I'm trying to produce a series of scatter plots with square and unfilled markers for each data point, with different but deterministic marker colors between runs, for each array. To that end, I tried using the following code:
import matplotlib.pyplot as plt
import numpy as np
x = np.array([1,2,3,4,5,6,7,8,9,10])
plt.scatter(x, x**2, s=50, marker='s',facecolors='none')
plt.scatter(x, x**3, s=50, marker='s',facecolors='none')
plt.scatter(x, x**4, s=50, marker='s',facecolors='none')
which unfills the square markers, but does not leave any marker edges, so no output is actually seen. If I instead use
plt.scatter(x, x**2, s=50, marker='s',facecolors='none',edgecolors='r')
plt.scatter(x, x**3, s=50, marker='s',facecolors='none',edgecolors='g')
plt.scatter(x, x**4, s=50, marker='s',facecolors='none',edgecolors='b')
then I do indeed see a series of data plots represented by unfilled red squares, but the downside is that I have to explicitly set what color I want using edgecolor
. However, since my actual data will consist of a variable number of arrays, with the actual number being unknown before runtime, I'm looking to plot each data series in the same scatter plot and with different colors, but without having to explicitly specify what colors to use.
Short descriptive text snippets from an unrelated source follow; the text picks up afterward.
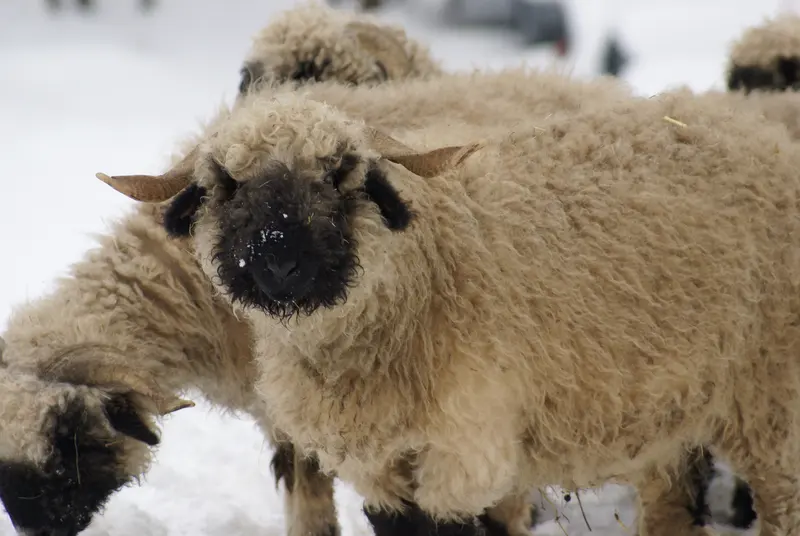 A Valais Blacknose sheep, the curly-fleeced breed native to the Zermatt valley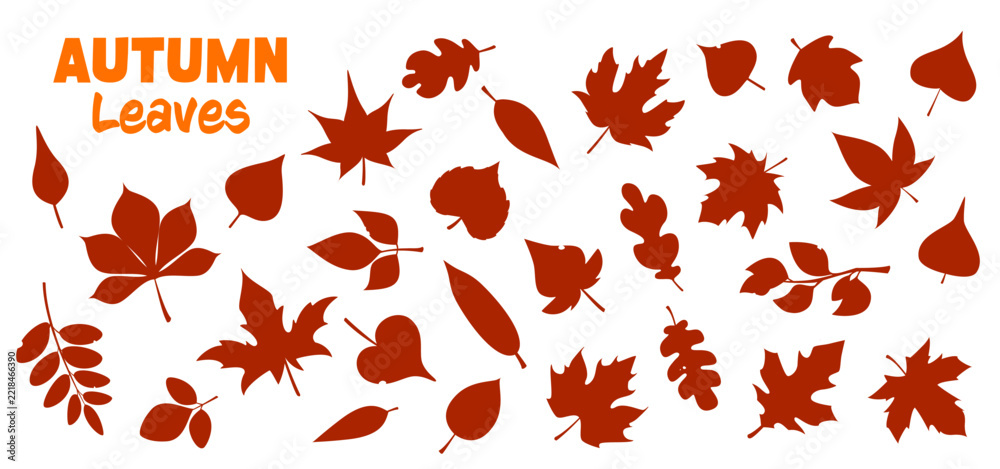 Fototapeta premium Autumn forest leaves silhouettes set on white background. Orange silhouettes of maple, oak, chestnut, birch, rowan tree leaves for laser cutting templates, print patterns and educational worksheets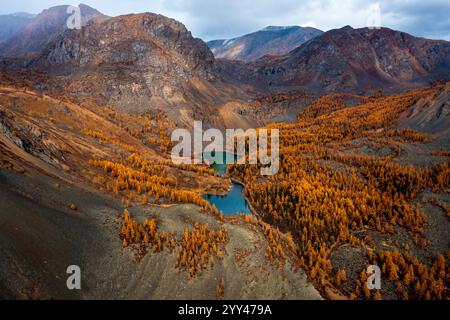 Paesaggio aereo di montagne panoramiche durante l'autunno, con foresta colorata e lago blu. Foto Stock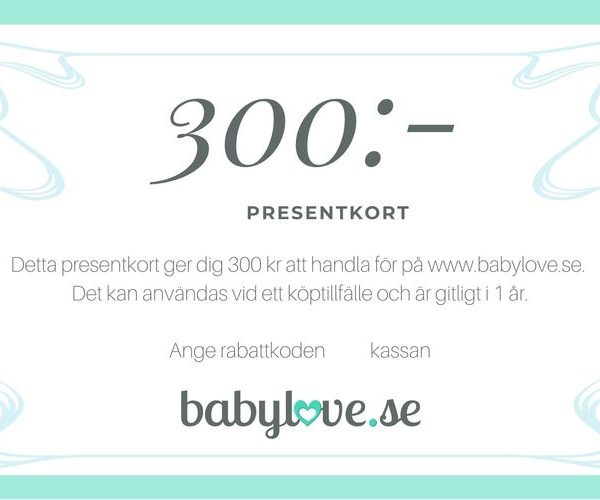 Gavekort 300 kr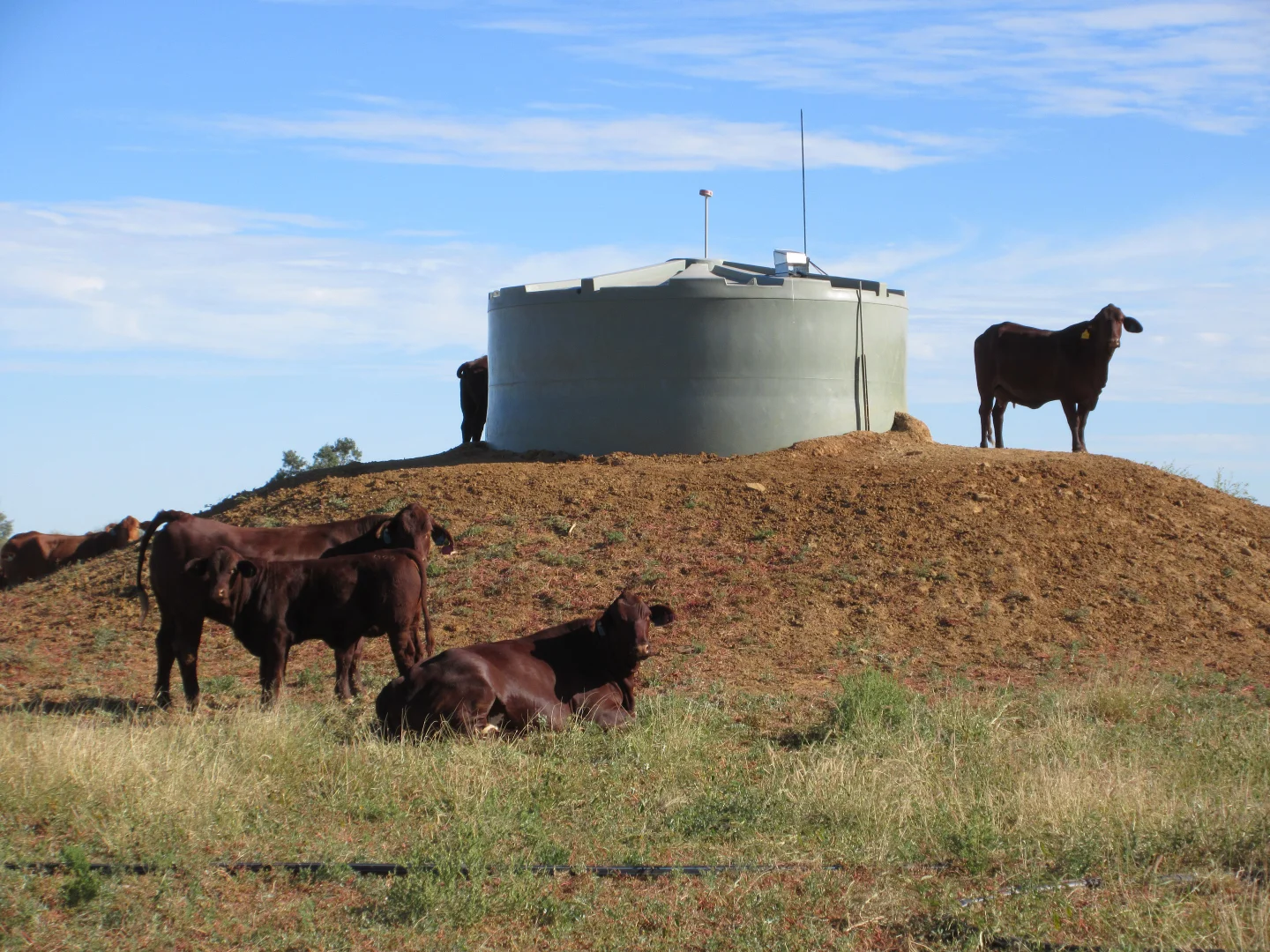 Additional image 4 of 715 Royston Lane, Longreach QLD 4730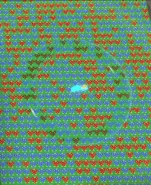 The Supreme Saturator regenerating flowers.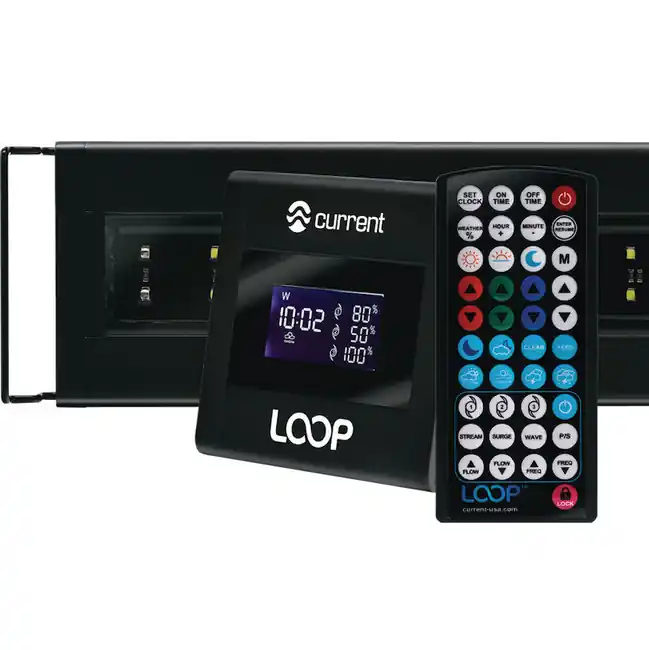 Orbit Marine 72" IC LOOP LED (4108) - Current USA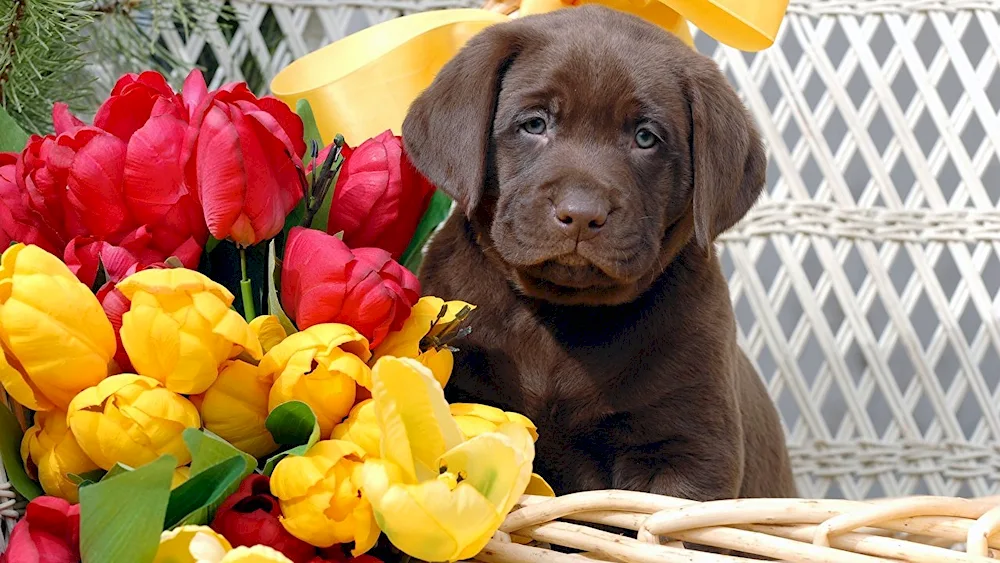 Labrador retriever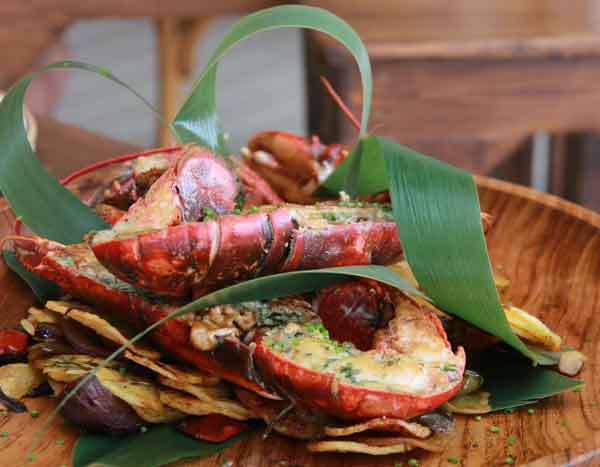 Luscious lobster on Ibiza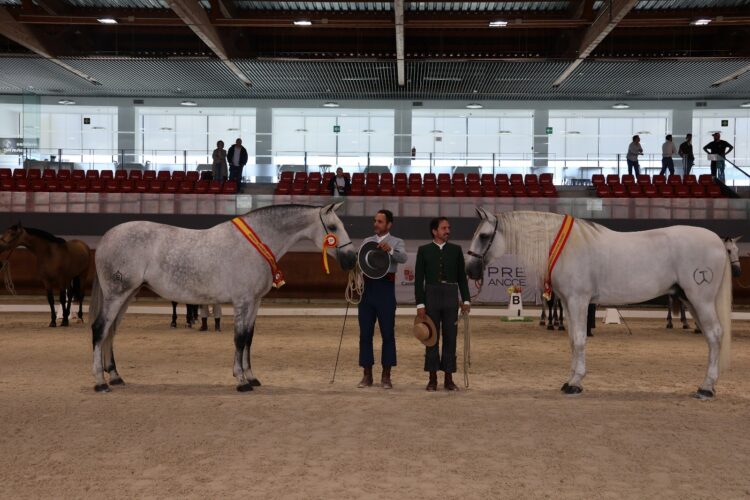 ‘Gesoro Torreluna’ y ‘Primavera BAT IV’, campeones del Concurso Morfológico en Segovia./FHCYL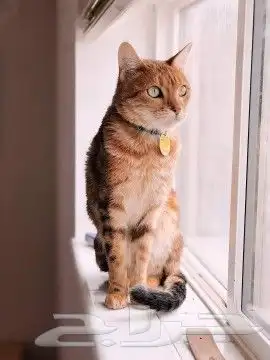 عياده القطط المتنقله 0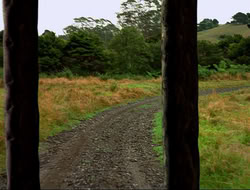 extant_HTLJ_4x16-Porkules_2118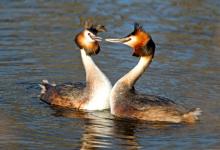 Great Crested Grebes 8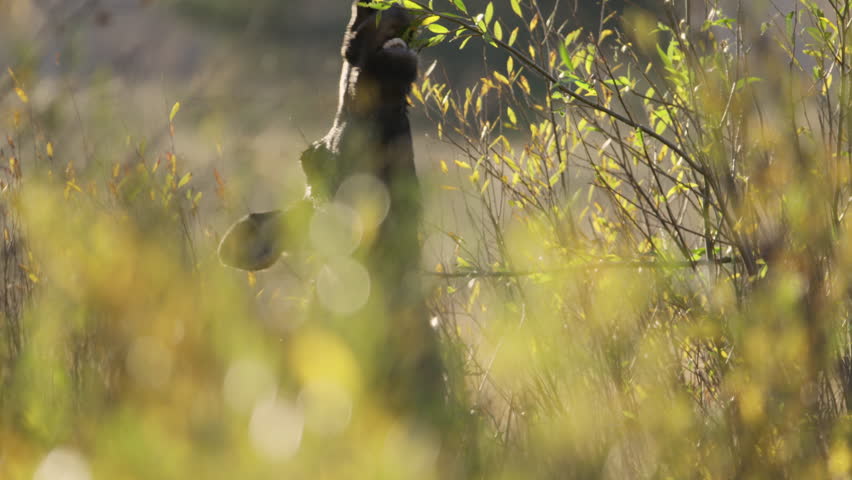 Moose eating foliage leaves from wetlands bushes in Grand Teton National Park, Wyoming, USA.  4K.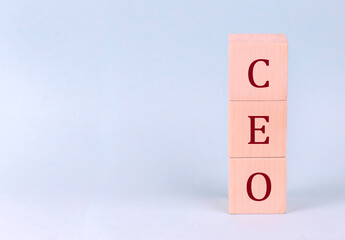 CEO on wooden cubes on a blue background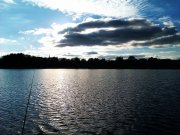 IMAG0740.jpg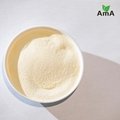 Hydrolysis Amino Acid 80 Powder Organic Fertilizer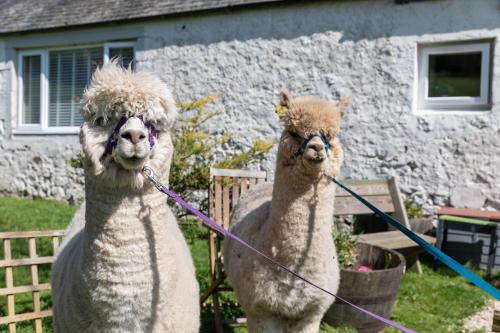two llamas standing next to each other in a yard at South Barlogan Farm in Bridge of Weir
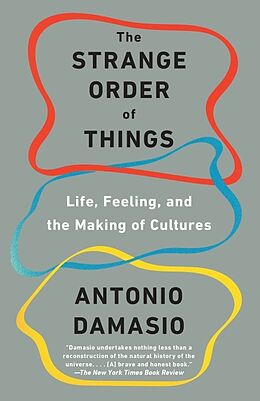 Poche format B The Strange Order of Things von Antonio Damasio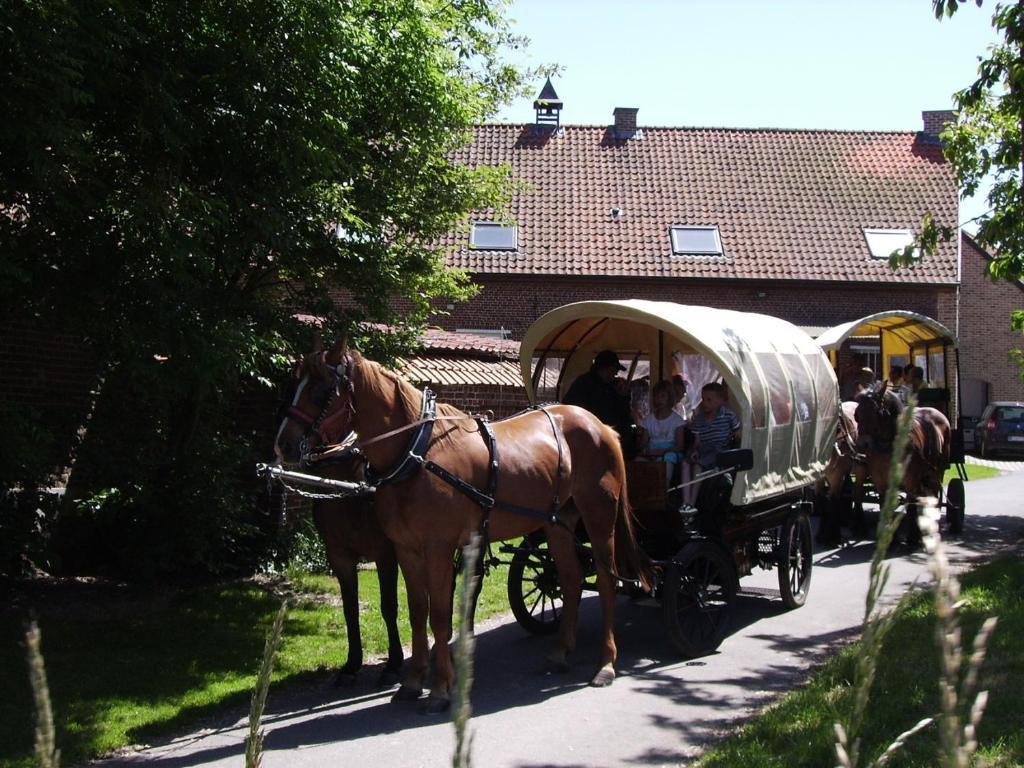 B&B In De Lossen Teugel Erpe-Mere Dış mekan fotoğraf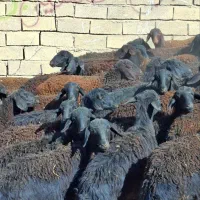 توخلی ماده قره قزل موقعیت زنجان|حیوانات مزرعه|بروجرد, |دیوار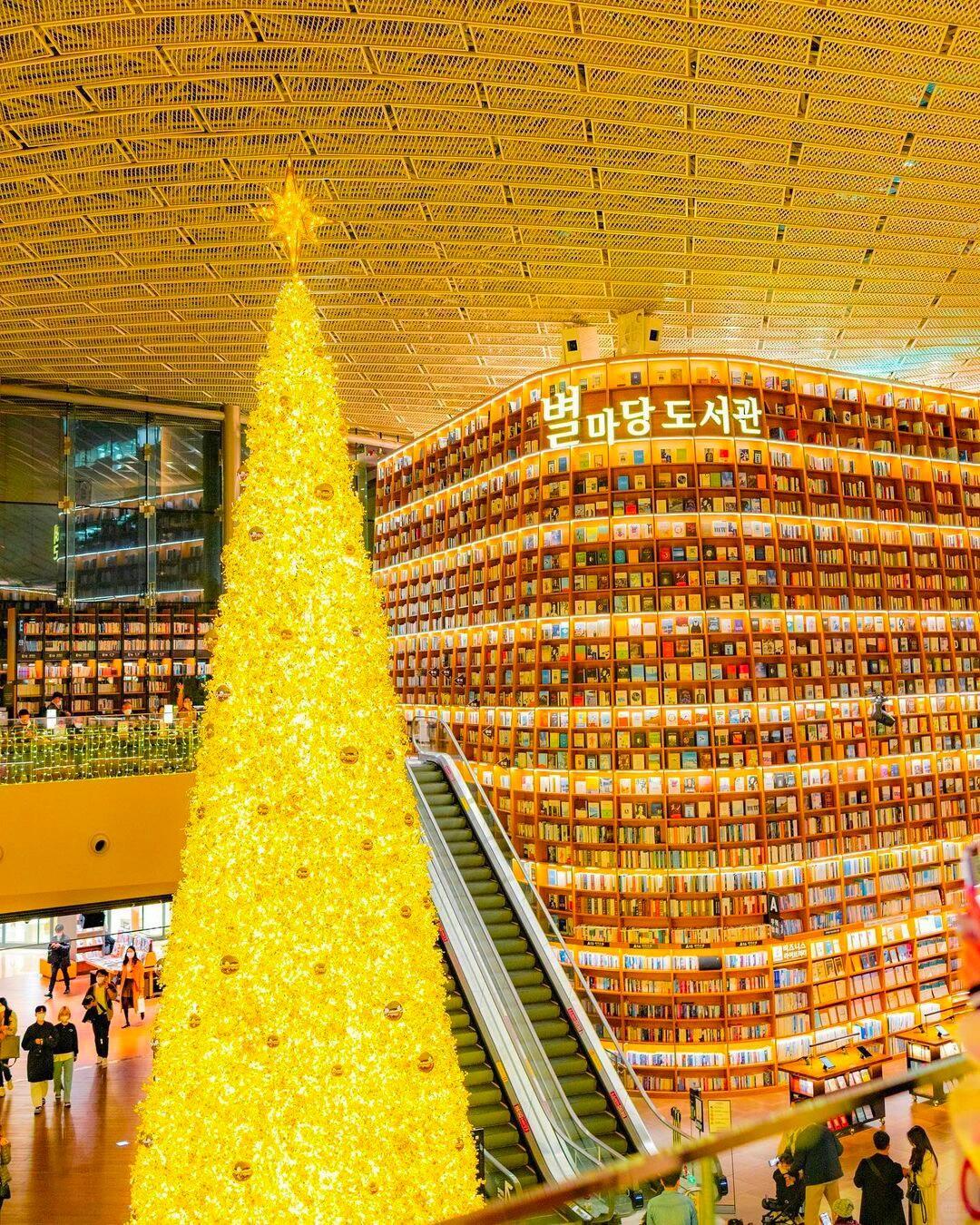 Seoul-Christmas travel in Seoul, Lotte World and COEX Starfield Library are not to be missed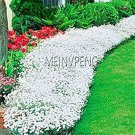 Rare 100 pcs/Bag Creeping Thyme Bonsai or white -Color Rock CRESS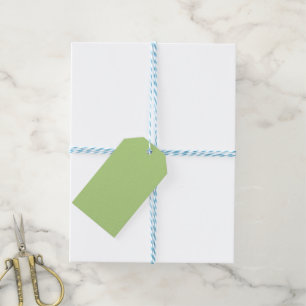 Retro Zig-Zag Orange and Green Gift Tags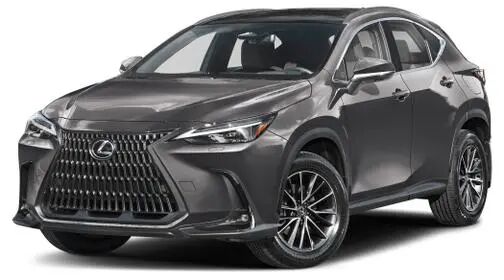 2025 LEXUS NX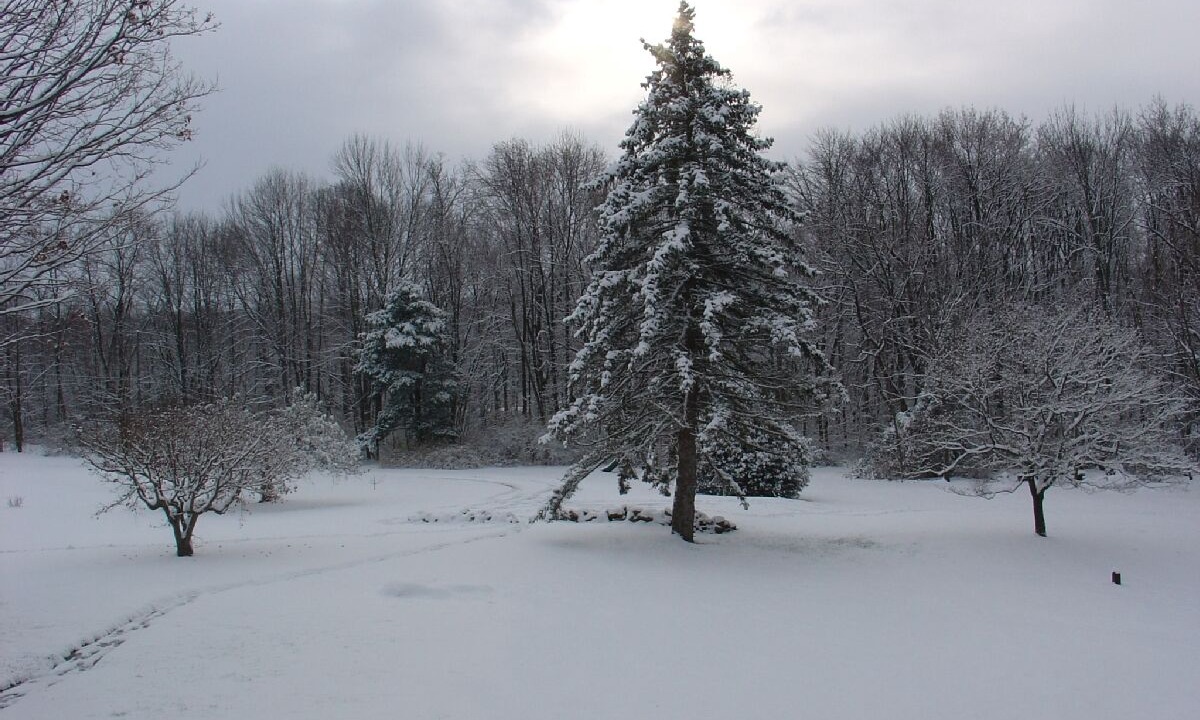 Photo of Outdoor in Narvon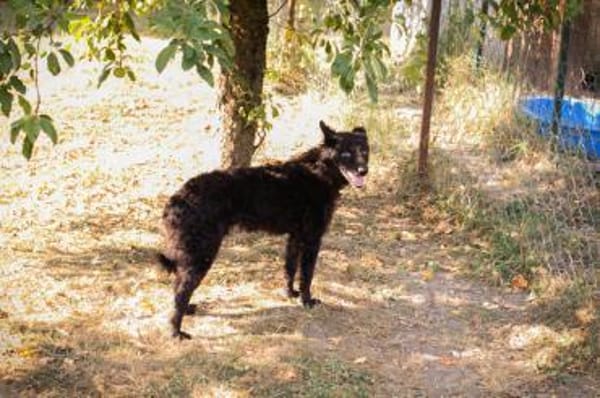 Sanfte Seele Nees sucht ihre Menschen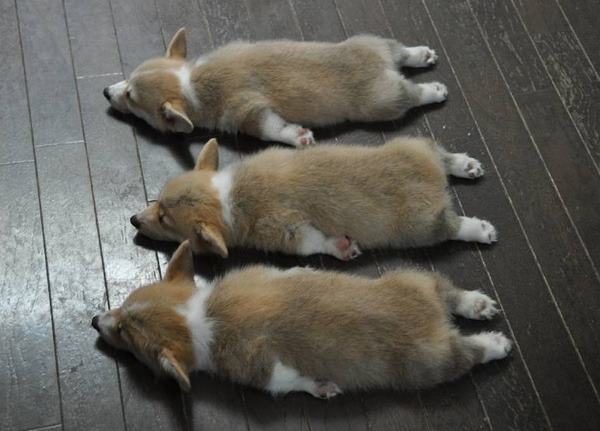 Corgis Sleeping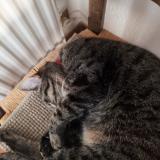 Foto del gato perdido en Plan De Cuques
I could use
plt.scatter(x, y, s=50, marker='s',facecolors='none',edgecolor=np.random.rand(3,))
as I've seen answered on this SO, but this is not ideal, as I'm hoping to have deterministic colors between runs. So for example, if I have 3 arrays, then the first array to be plotted is always color 'x', the second is always color 'y' and the third is always color 'z'. Extending this to n
arrays, the nth
array plotted is also always the same color (where n
could be very large).
As an example, if we consider a simple plot using filled colors, we see that the first 3 plots are always the same color (blue, orange, green), and even when a 4th plot is added the first 3 plots retain their original colors.
3 plots, with default pyplot colors
4 plots, with the original 3 plots retaining their original colors as in the first image above
EDIT: As an aside, does anyone know the reason behind not including edgefaces
(that would then allow us to easily use default pyplot colors) when setting facecolors='none'
? It seems like a rather strange design choice.